How much is this bit of road worth?

Yes, this bit…

Townley Road, joining East Dulwich Grove

For Southwark Council, this patch of tarmac is paved with gold.

All you need is some signs and a traffic camera.

Since the Emergency Traffic Measures came into effect, Southwark Council has ensured that these few metres  –  where Townley Road and Calton Avenue converge at the traffic lights to join East Dulwich Grove  –  have raised, at a conservative estimate, over £200,000 from drivers who either missed or misinterpreted the warning signs, or alternatively mistimed their journey.

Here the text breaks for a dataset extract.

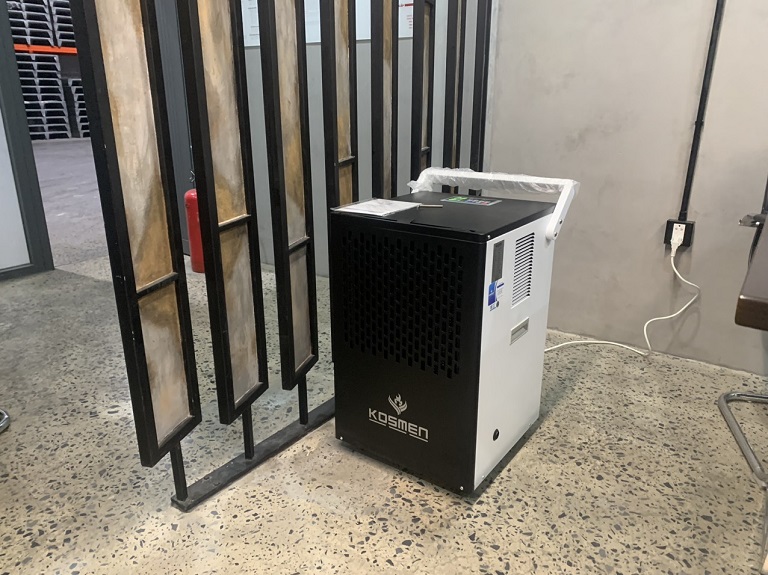 Máy khử ẩm công nghiệp Kosmen KM-90S giải quyết vấn đề nấm mốc một cách hiệu quả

If you are driving back to Herne Hill from East Dulwich and decide go up Lordship Lane and then take a right turn along Townley Road to run between Alleyn’s School and their playing field, you might miss the warning signs at the beginning of the stretch. But if you do, as you reach the last few metres before the traffic lights at East Dulwich Grove, you are doomed unless you decide to enrage the tailback of traffic behind you by doing a three-point turn to beat a retreat.

Because this is the sign you see:

By the time you have registered what it says, you are trapped.

Within a week or two, the post brings a Penalty Charge Notice that graciously allows you to pay a mere £65 for prompt settlement. The detail of the contravention is stated as “using a route restricted to certain vehicles”.

In some parts of Dulwich around the Village, similar signs have raised even more. The northbound camera in Dulwich Village by the corner of Pickwick Road has raised £695,300.

These figures, revealed in response to a Freedom of Information request recently tabled by a neighbour, only take us to the end of March. No doubt the council’s tills are still ringing. For the wider Dulwich area, Southwark admits to having raised over £1 million during this period.

One consequence is significant traffic displacement. Our local LTNs have caused sharply divided opinions and vigourous debate. Some closures seem more pragmatically sited than others. But the annoying feature about this particular trap on Townley Road   –  readers may of course disagree  –  is that the prevention of traffic taking this route seems to serve no obvious purpose in reducing street pollution, unless it is to cut down on cars, vans and trucks driving past Alleyn’s School at busy school times. Thus, weekends are excluded. But not, mark you, school holidays or even lockdown when the school was empty.

Over time, the penalties do of course work to deter traffic at this point during those stated times, if that is the intention: once stung, one avoids the area scrupulously. So you just find an alternative way home, along busier roads.

Fighting with a Leylandii cypress hedge?

If you walk to or from the centre of Herne Hill via Herne Hill itself, rather than by Milkwood Road, you may have felt the aggression of the Leylandii hedge pictured here. It’s on the right-hand side (going downhill) outside the flats at number 90 Herne Hill.

Outside no 90 Herne Hill

It extrudes over the 2 metre wide pavement, 70 cm at the bottom of the bushes, but is well over a metre wide at an adult’s shoulder height – over half the pavement’s width. Preserving social distancing, families and couples walking up or down the hill might expect anyone walking the other way to step off the pavement to give them space to pass – but if they do, the uphill pedestrian(s) cannot see the traffic behind them and may rely on hearing and inaccurately judge the situation.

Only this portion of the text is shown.